Затем нам неожиданно сказали в Motor: «Вашей группе нужен продюсер!» Мы понятия не имели, что это за птица такая – продюсер. Может быть, это человек вроде надсмотрщика из органов госбезопасности, который во времена моей работы в Feeling В приходил на репетиции и внимательно слушал, о чем мы поем? Нам объяснили, что продюсер – это и администратор, и финансист, и пиар-менеджер, и организатор сбыта альбомов группы, и… В общем, супермен. И теперь он нам необходим как воздух. «Такие люди, – сказали нам, – очень неохотно работают с неизвестной группой и берутся за продвижение ее дебютного альбома. Но вам нужно обязательно найти своего продюсера! Ведь мы вложили в ваш альбом немалые деньги!»

Мы озаботились этой проблемой. И вскоре узнали, что на упаковке каждого CD есть список всех участников работы над проектом. А на первом месте в нем стоит имя продюсера группы. Мы отправились в музыкальный магазин и стали рассматривать обложки дисков. Наш выбор пал на некого Грега Хантера, его имя мы отыскали на упаковке альбома Killing-Joke[57]. Эта группа стояла в одном ряду с Ministry, The Prodigy, Pantera, The Cult и The Cure[58], песни которых раньше мы слушали ночи напролет. Мы связались с этим человеком и договорились о встрече на нашей репетиции.

Сотрудники звукозаписывающей фирмы обрадовались, что мы не стали тянуть со столь важным делом, и изъявили готовность помочь нам заключить с продюсером контракт.

Грег Хантер небрежностью в одежде и манерах больше соответствовал образу бездомного, нежели продюсера. Он с дружелюбным видом слушал наши песни, но не сказал ничего существенного, если не считать замечания о том, что нам еще многому предстоит научиться. Вечером мы показывали ему достопримечательности Берлина, сводили на конкурсный концерт турецкого хип-хопа. После этого засели с ним в баре. В Англии, видимо, потребление алкоголя ограничивалось какими-то нормами, потому что Хантер поглощал виски с неимоверной жадностью. Ночью его вырвало в квартире у Тилля на ковер. А весь следующий день он провел спящим на диване в нашем репетиционном помещении. Вечером он смог съесть банан и опохмелиться. Мы потащили его в аэропорт. Там, в пьяном откровении, Хантер поведал нам о том, что никакой он не продюсер, к Killing-Joke не имеет никакого отношения. Зато является двойным тезкой Грега Хантера, и мы с ним ошиблись.
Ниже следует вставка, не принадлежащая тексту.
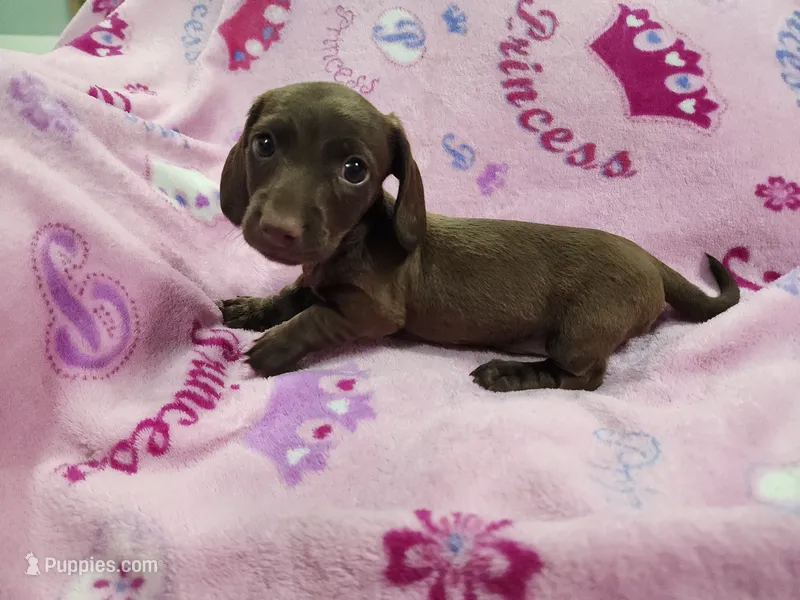 Peaches – Miniature Dachshund puppy for sale in Live Oak, FL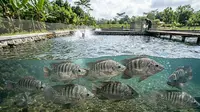 Cara Mencegah Jamur pada Ikan Nila, Tips Sederhana yang Berdampak Besar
Классный урок задал нам этот несчастный проходимец!

В то время набирала популярность рэп-метал-группа из Швеции под названием Clawfinger. Ее продюсером был некий Якоб Хелльнер. Прежде чем связаться с ним, мы, наученные горьким опытом, тщательно проверили достоверность его контактных данных. И только после этого позвонили и пригласили на наш концерт в Гамбурге. В принципе, Гамбург – это было не очень хорошей идеей. Там нас никто не знал. Небольшой клуб, в котором мы собирались выступать, не пользовался популярностью у молодежи. Какое впечатление мы могли произвести на Якоба, играя в маленьком зале, который вдобавок был еще и пуст? Но что сделано, то сделано…
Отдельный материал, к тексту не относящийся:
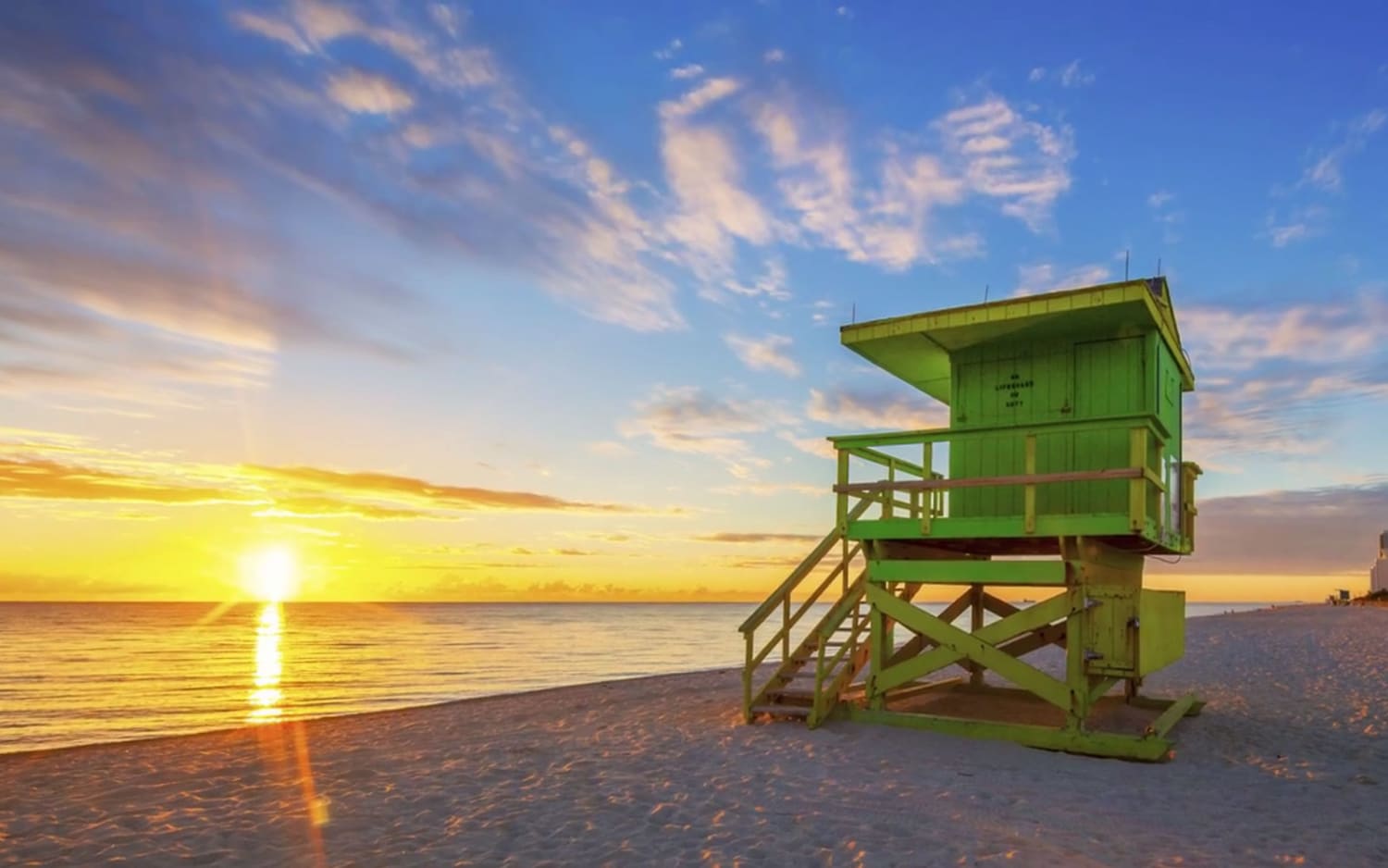 VIDEO: Five Things to Do in Miami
Якоб Хелльнер никак не выразил своего отношения к масштабу нашего концерта. Он оказался деликатным и симпатичным человеком. Выглядел как добродушный преподаватель, который слыхом не слыхивал о рок-музыке. А я думал, что у продюсера рэп-метал-группы изборожденное морщинами лицо, и он непрерывно нервно курит! Хелльнер внимательно смотрел на нас, слушал не перебивая. Так же, как ранее Грег Хантер, он пришел на нашу репетицию, сел на тот же диван, но, в отличие от своего предшественника, привел с собой коллегу по имени Карл. Тот записал отрывки наших песен на плеер.

На следующий день Якоб Хелльнер объявил, что согласен с нами работать. Наш новый продюсер предложил нам абсолютно новый подход к созданию музыки и имиджа группы. Он имел идеальное чутье сценического режиссера и музыканта. Он выявил суть нашего творческого подхода и сказал: «Я почувствовал в вас диких чудовищ. Вы должны делать упор на это». Он говорил долго и в конце концов четко оформил наше размытое представление о том, как мы можем выражать в музыке и своих сценических образах те идеи и эмоции, что владели нами.
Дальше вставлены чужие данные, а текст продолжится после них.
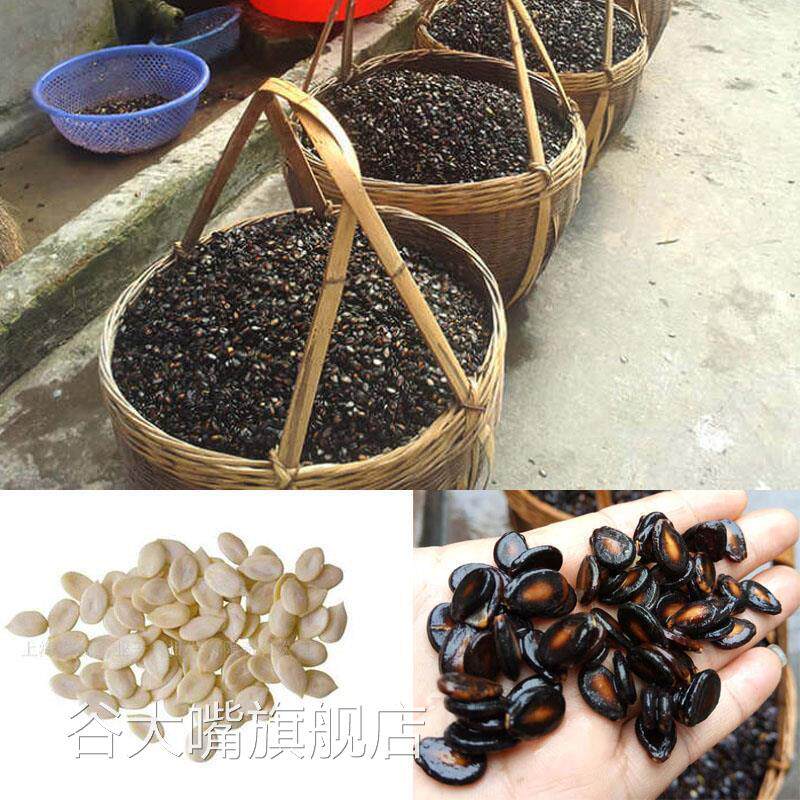 江西安福水煮黑西瓜子大小片五香盐味湿西瓜子不上火的西瓜子零食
Он решил записать наш диск в Швеции. Это произвело на нас большое впечатление: работа за границей! Хотя, возможно, Якоб просто не горел желанием уезжать надолго из дома в Германию. Он проживал в Стокгольме. Тогда я еще испытывал страх перед полетами на самолетах, поэтому поехал в Швецию отдельно от группы на своем автомобиле, набитом нашими электроинструментами.